Mit dem Einsatz immer leistungsfähigerer und preiswerterer Hard- und Software haben sich neue Möglichkeiten computerunterstützter Präsentation von Lern- und Unterrichtsstoff eröffnet. Diese rasante Entwicklung mit ihren unbestreitbaren Vorteilen für die Benutzer wirft jedoch für eine musikpädagogisch orientierte Benutzung auch Probleme auf, die hier nicht verschwiegen werden sollen:

MIDI-Computeranlagen und ernstzunehmende Lernsoftware finden hierzulande vielfach in öffentlichen Institutionen (Musikschulen, Schulen, Hochschulen etc.) Anwendung. Deren Anschaffungs- und Erneuerungszyklen verlaufen aber in gemächlicheren Frequenzen als die technischen Erneuerungszyklen in der Mikroelektronik.
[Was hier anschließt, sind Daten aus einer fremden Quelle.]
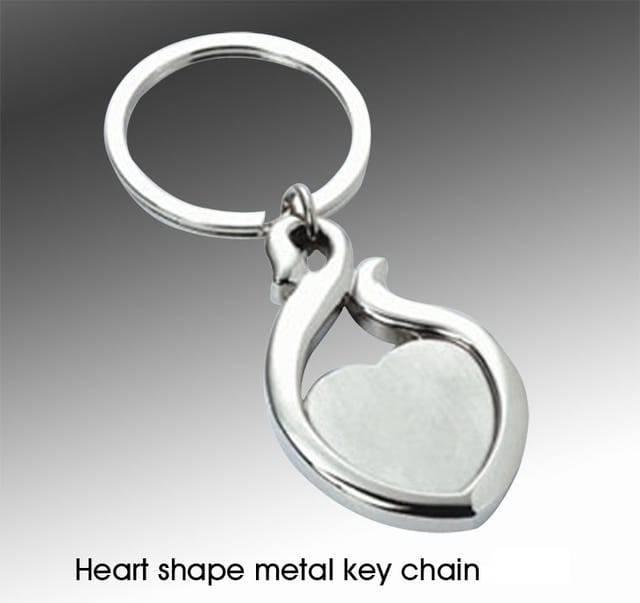Heart Shape Metal Key Chain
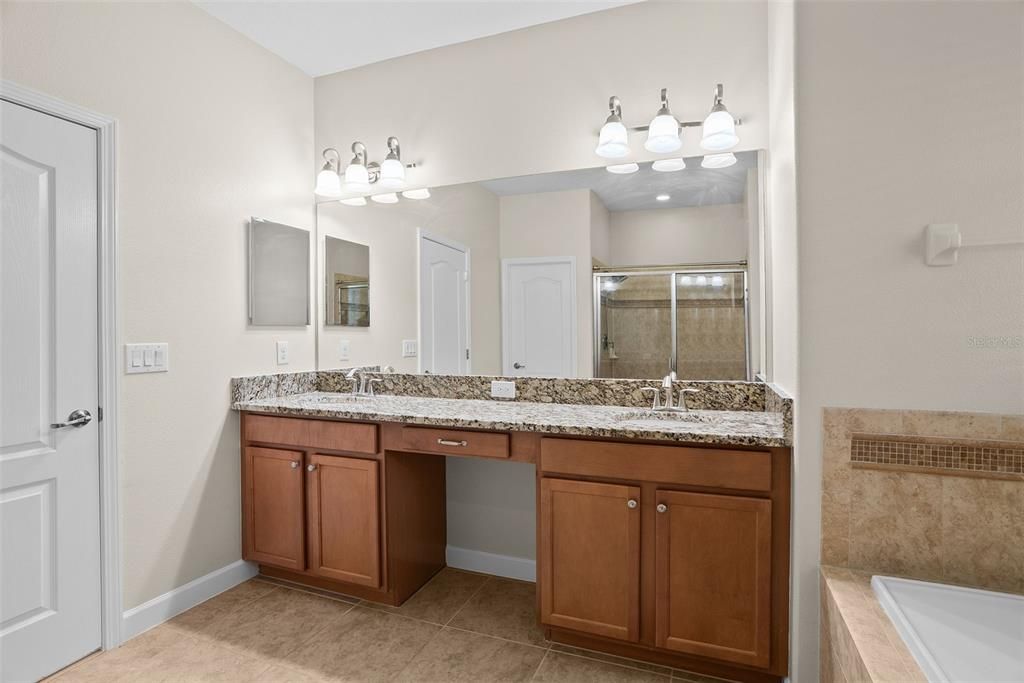 Bathroom, Dual Sink Vanities, Glass Shower, Interior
Nimmt man dazu die Unfertigkeit oder Störungsanfälligkeit von Produkten, die unter Konkurrenzdruck auf den Markt geworfen wurden ("Diese Funktion ist leider noch nicht verfügbar") und die den Anwender ganz unverfroren als Beta-Tester mißbrauchen, wird die Problematik des Einsatzes aktueller Hard- und Software im einem aus Steuergeldern finanzierten und auf Kontinuität angewiesenen Lehrbetrieb deutlich.

Was nützen dem Musiklehrer z.B. die schönsten pädagogischen Eigenschaften eines CD-I-Systems, wenn er nicht weiß, ob sich die Norm durchsetzt, ob also langfristig ein zufriedenstellendes Angebot an Software zur Verfügung stehen wird, und ob beim ersten Schaden nach Ablauf der Garantie der Händler nicht längst auf Videospiele umgesattelt hat und bedauernd auf den Hersteller in Japan verweist?

Getreu dem Grundsatz, daß das Bessere der Feind des Guten sei, verfährt auch die Hard- und Software-Industrie. Neue Rechnertypen, aus marktstrategischen Gründen als ultimative Knüller hochgejubelt, werden nach einigen Jahren als überholte alte Kisten belächelt. Der Benutzer, der begrenzte und genau umrissene Anforderungen an seine Hard- und Software hat, die sich auch im Verlauf von zehn Jahren nicht entscheidend ändern, und der über diesen Zeitraum seine Anlage störungsfrei bzw. mit zufriedenstellendem Support betreiben will -, nicht mehr und nicht weniger - scheint in den Gedankengängen der Entwickler und den Prospekten der Hersteller kaum vorzukommen - aus naheliegenden Gründen ("An diesem Programm haben wir leider die Produktpflege eingestellt"). Fortschritt kehrt sich aber in sein Gegenteil um, wenn er sich nicht mehr am Benutzer orientiert, dem alle Neuerungen angeblich zugute kommen sollen.

Das Dilemma liegt bei einem so jungen Bereich der technischen Entwicklung, wie es die Computertechnologie ist, vielleicht in der Natur der Sache: echte Innovatoren dürfen nicht nur nach der direkten Anwendbarkeit schielen. Gerade darum sei aber an dieser Stelle an Sie, die Musikpädagogen, appelliert, ihre Interessen zu artikulieren und sich angebliche Marktzwänge der Hersteller und Entwickler nicht zur Richtschnur pädagogischer Entscheidungen machen zu lassen. Nicht alles technisch Machbare ist pädagogisch sinnvoll, und in den Disziplinen Kontinuität, Geduld und langer Atem können Programmierer und Hersteller noch eine Menge von Ihnen lernen.